РОМАНТИЧЕСКИЙ ДИАГНОЗ

Из цикла «Книготерапия»

Михаэль ВерникЭто было в девяносто восьмом. Я принимал утреннюю смену. Про одного из вновь поступивших мне передали, что это сердечный приступ, связанный с приёмом только появившейся на рынке лекарств виагры и с романтической историей в подоплёке. Сменщики еще добавили что-то загадочное про возраст «случая», но на это я особого внимания не обратил. Самого больного при приёме смены мы на месте не застали. Это не было чем-то из ряда вон выходящим — так как речь не шла об инфаркте, койка пациента находилась на отшибе, в обеденной комнате (превращённой, за нехваткой мест, в палату для «лёгких» и выздоравливающих больных), и состояние подразумевало определенную свободу в рамках больничного режима.

К завтраку я совершенно забыл про «романтический случай», но тут узрел новое лицо. Подтянутый, бодрый, высокий мужчина в больничной пижаме помогал нянечке разносить еду. Делал он это споро, с улыбкой. Его появление с подносом вызывало ответные улыбки на лицах у самых страдающих и тяжёлых больных. Я понял, что это и есть мой «романтический сердечный приступ». Улучив минутку, я прочитал в истории отчёт о поступлении и оказалось, что мужчине ДЕВЯНОСТО ДВА ГОДА! Будучи приглашён почётным гостем на конференцию строительных подрядчиков, организованную в одной из гостиниц Мёртвого моря, он прибыл туда со своей молодой (пятидесяти с чем-то лет) пассией. Вечером, для пущей уверенности и желая доставить насколько можно большее удовольствие даме, принял таблетку виагры. После романтической ночи он почувствовал новое для себя состояние — тяжесть за грудиной и пришлось обратиться к консьержу за помощью. Консьерж вызвал «скорую», которая доставила героя-любовника (заметьте, без всяких кавычек) к нам в больницу.

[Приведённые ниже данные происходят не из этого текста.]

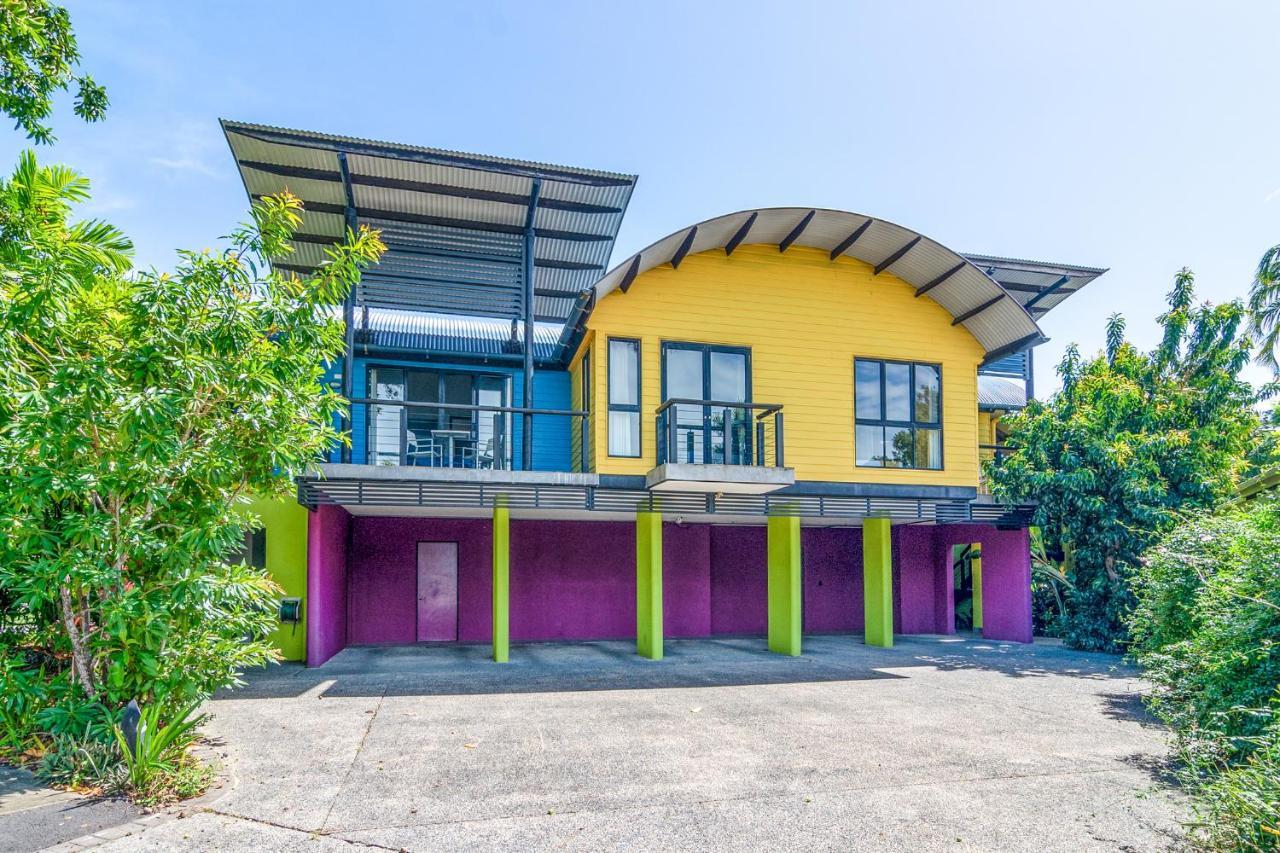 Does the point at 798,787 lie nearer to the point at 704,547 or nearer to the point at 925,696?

Так как они не были жителями нашего города, то «Джульетта» сняла номер в гостинице неподалеку от больницы. Я часто видел их вместе, отрешёнными от всего окружающего, держащимися за руки и заглядывающими в глаза друг другу. А иногда они вдруг исчезали из отделения на час — другой. Сложив два и два — автомобиль на стоянке под зданием и номер в гостинице, я примерно догадывался, где они в данный момент находятся. И даже, чем занимаются. Понимая, что такое поведение не совсем укладывается в рамки больничного режима, я поставил в известность об этом профессора — заведующего нашим отделением. На что умница-профессор сказал: «Оставь. Даже если он сейчас умрёт, скажи, положа руку на сердце, не хотел бы ты такой смерти для себя? Не это ли самая желанная для мужчины смерть — в таком возрасте и при таких обстоятельствах? А виагру я у него изъял. Между нами, мне она нужнее».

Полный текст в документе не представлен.